* [Work request] Leaving pictures out, repeat word for word the line that has "27 WOODBURN DRIVE, Quinte West, Ontario" and each line that follows it to the end of the listing.

* [Dataset section]
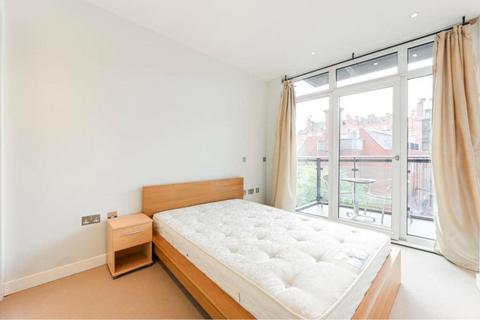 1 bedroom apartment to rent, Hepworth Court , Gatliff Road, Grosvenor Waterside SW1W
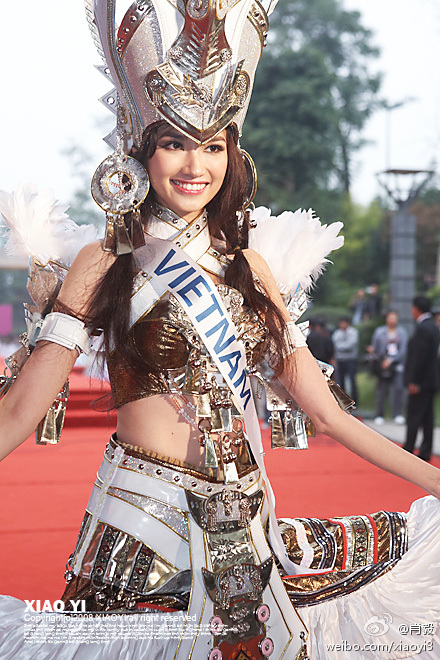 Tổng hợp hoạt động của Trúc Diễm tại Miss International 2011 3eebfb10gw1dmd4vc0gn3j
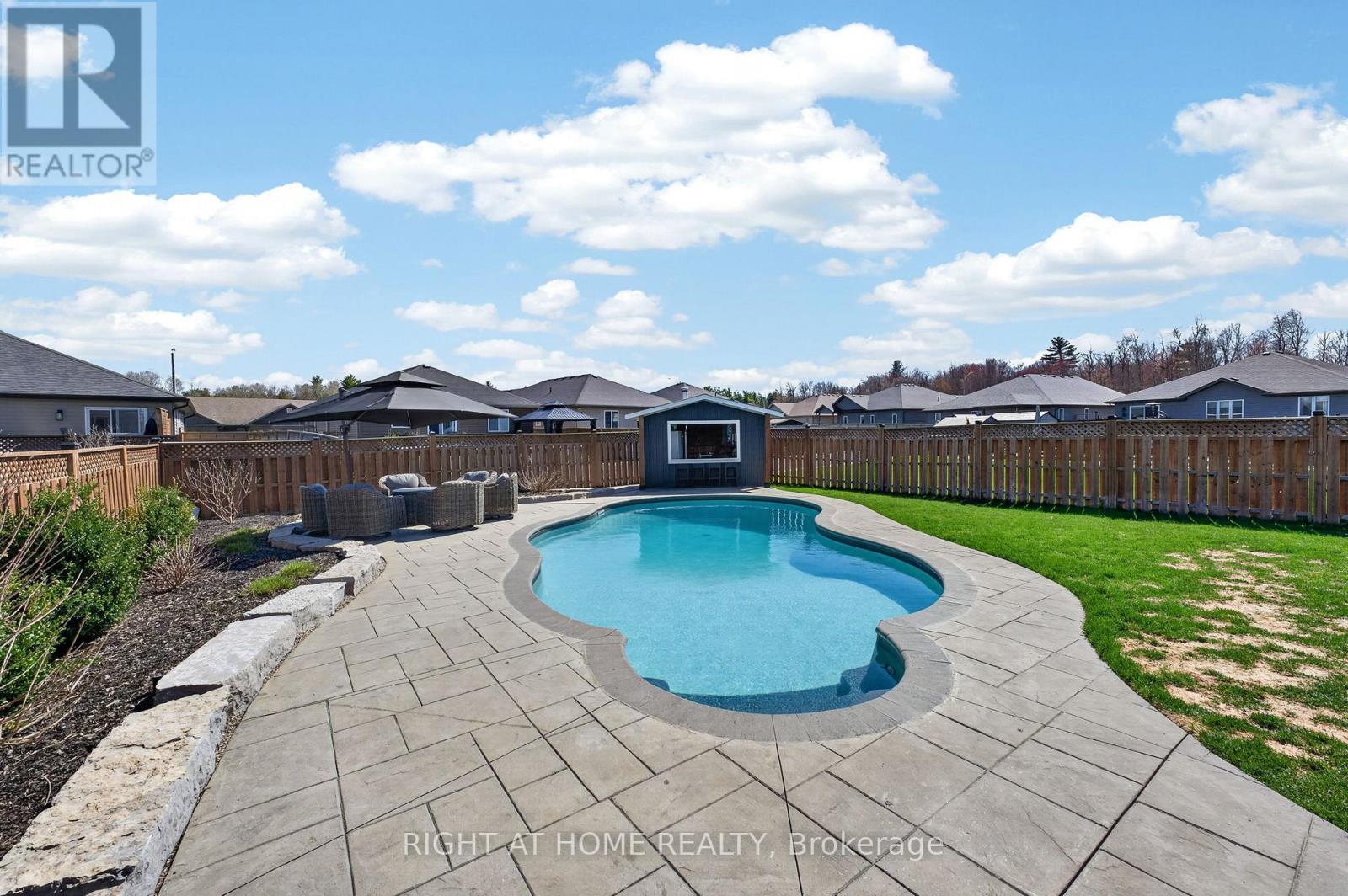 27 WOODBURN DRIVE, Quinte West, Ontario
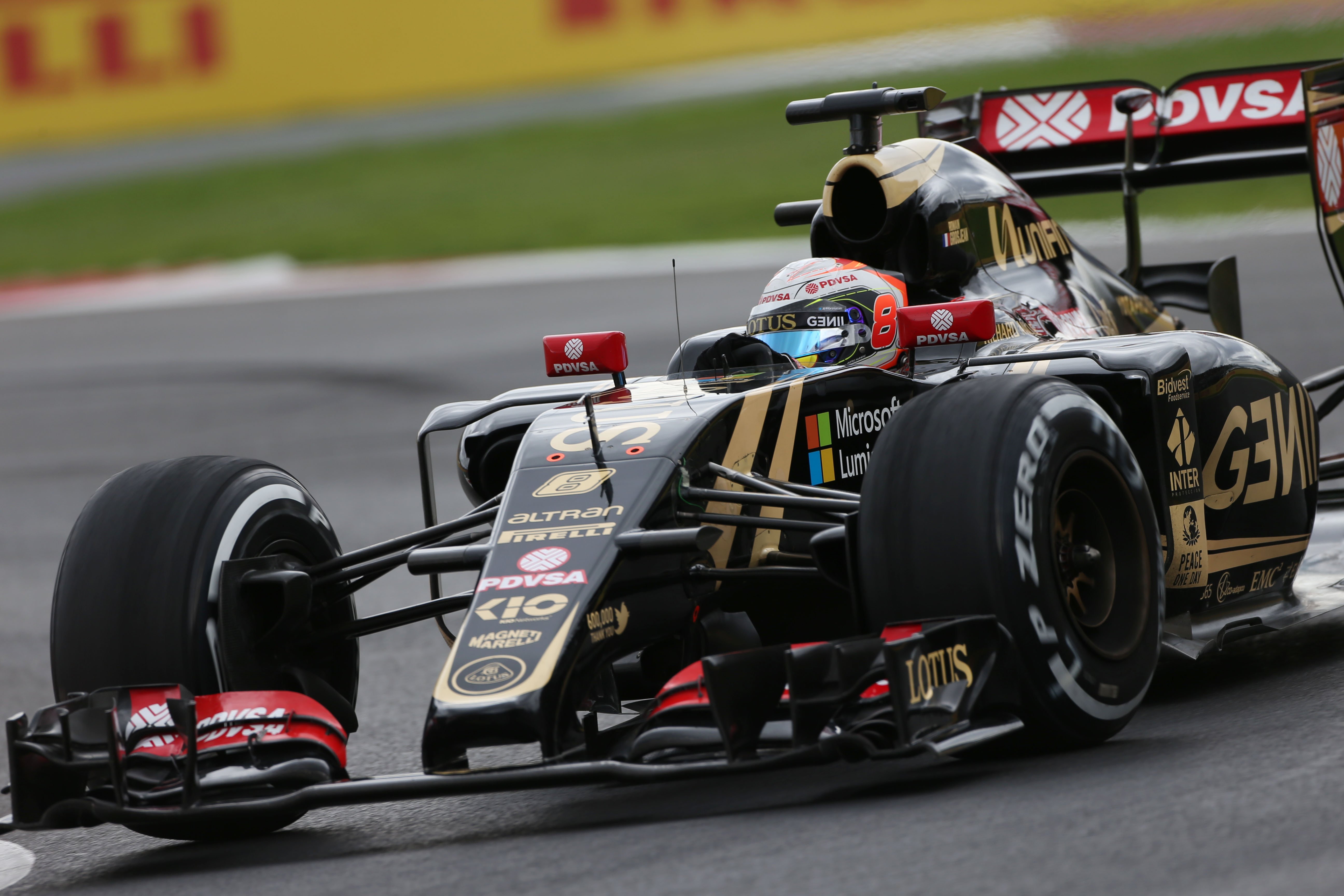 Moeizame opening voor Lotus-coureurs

* [Result of this exercise]
 27 WOODBURN DRIVE, Quinte West, Ontario
 Moeizame opening voor Lotus-coureurs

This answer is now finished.